■ **Data shown**
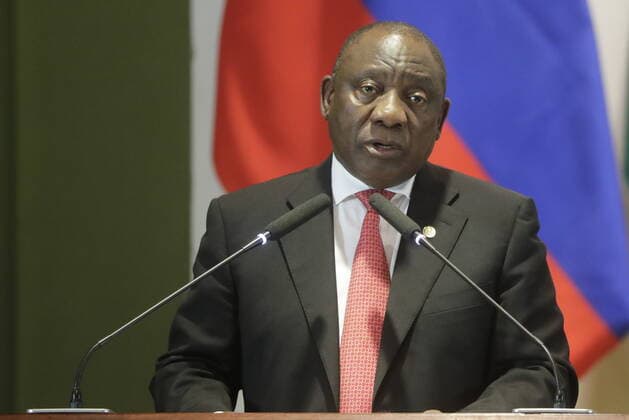 BRASILIA, BRAZIL - NOVEMBER 14, 2019: South Africa s President Cyril Ramaphosa speaks during the 11th BRICS summit at the Itamaraty Palace. Mikhail Metzel TASS  TS0C31B0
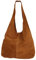 AMBRA Moda Damen Ledertasche Shopper Wildleder Handtasche Schultertasche Beuteltasche WL818, Cognacbraun, XL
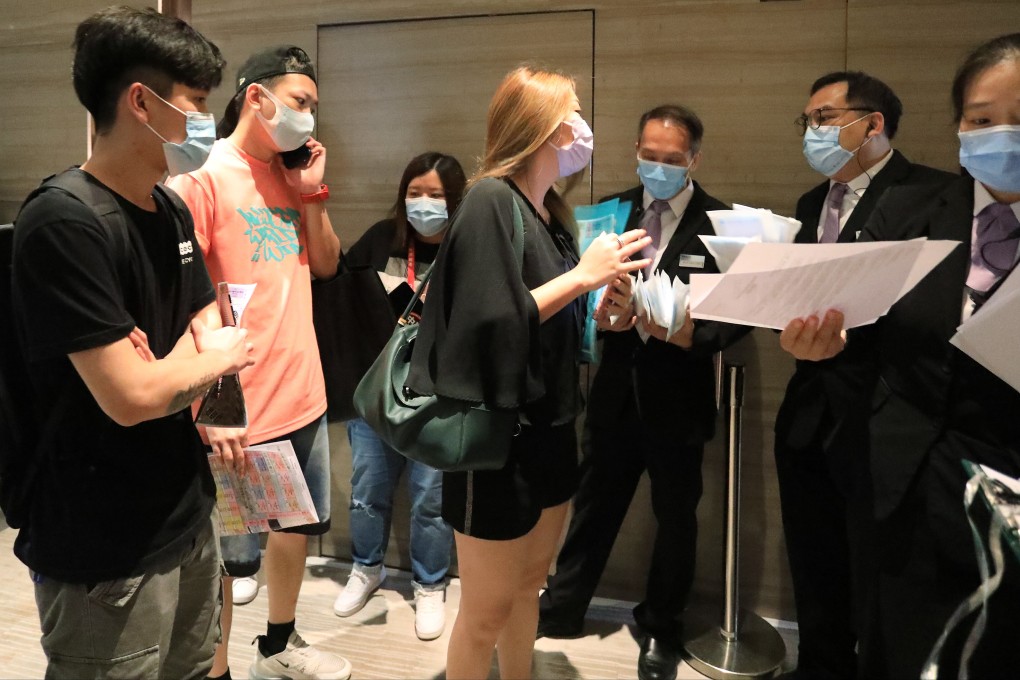 Potential buyers queueing up at the sales office of Seacoast Royale in Tuen Mun at the project’s sales office in Tsim Sha Tsui on 29 August 2020. Photo: May Tse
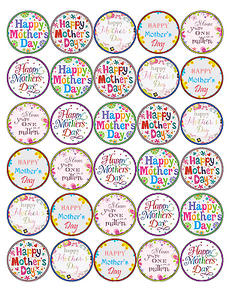 MOTHERS DAY - 30 x 1.5" MIXED PREMIUM Rice Paper CupCake Toppers - Free P&P D2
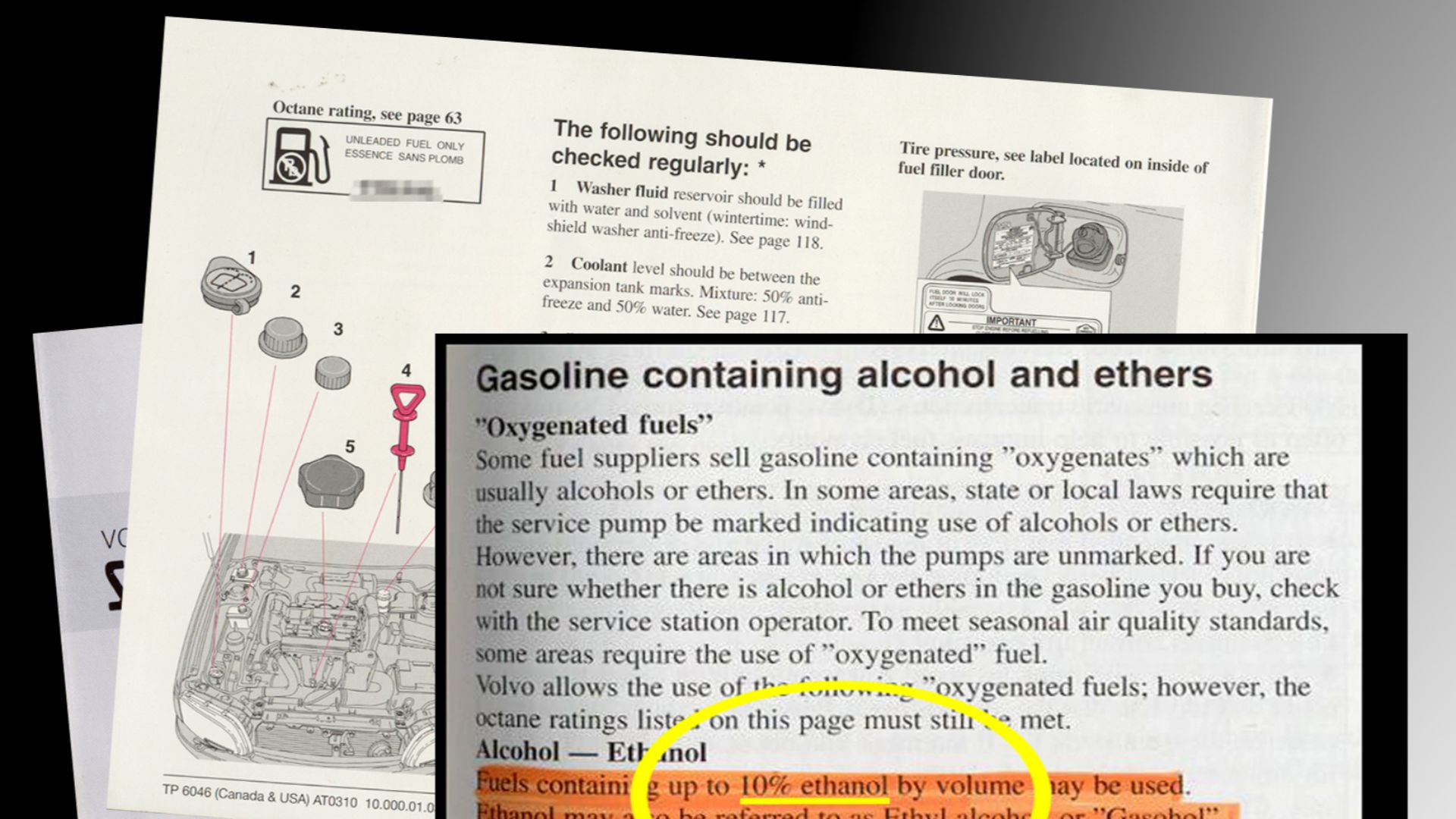 Artwork showing the typical recommendation by carmakers about the use of up to 10% ethanol blend (E10) stated in the owner's manual. Any copyright materials were moved to the background and showed only in part to avoid any copyrights dispute.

■ **Directions**
Give the records back exactly. Leave the pictures out.

■ **Response for this exercise**
 BRASILIA, BRAZIL - NOVEMBER 14, 2019: South Africa s President Cyril Ramaphosa speaks during the 11th BRICS summit at the Itamaraty Palace. Mikhail Metzel TASS  TS0C31B0
 AMBRA Moda Damen Ledertasche Shopper Wildleder Handtasche Schultertasche Beuteltasche WL818, Cognacbraun, XL
 Potential buyers queueing up at the sales office of Seacoast Royale in Tuen Mun at the project’s sales office in Tsim Sha Tsui on 29 August 2020. Photo: May Tse
 MOTHERS DAY - 30 x 1.5" MIXED PREMIUM Rice Paper CupCake Toppers - Free P&P D2
 Artwork showing the typical recommendation by carmakers about the use of up to 10% ethanol blend (E10) stated in the owner's manual. Any copyright materials were moved to the background and showed only in part to avoid any copyrights dispute.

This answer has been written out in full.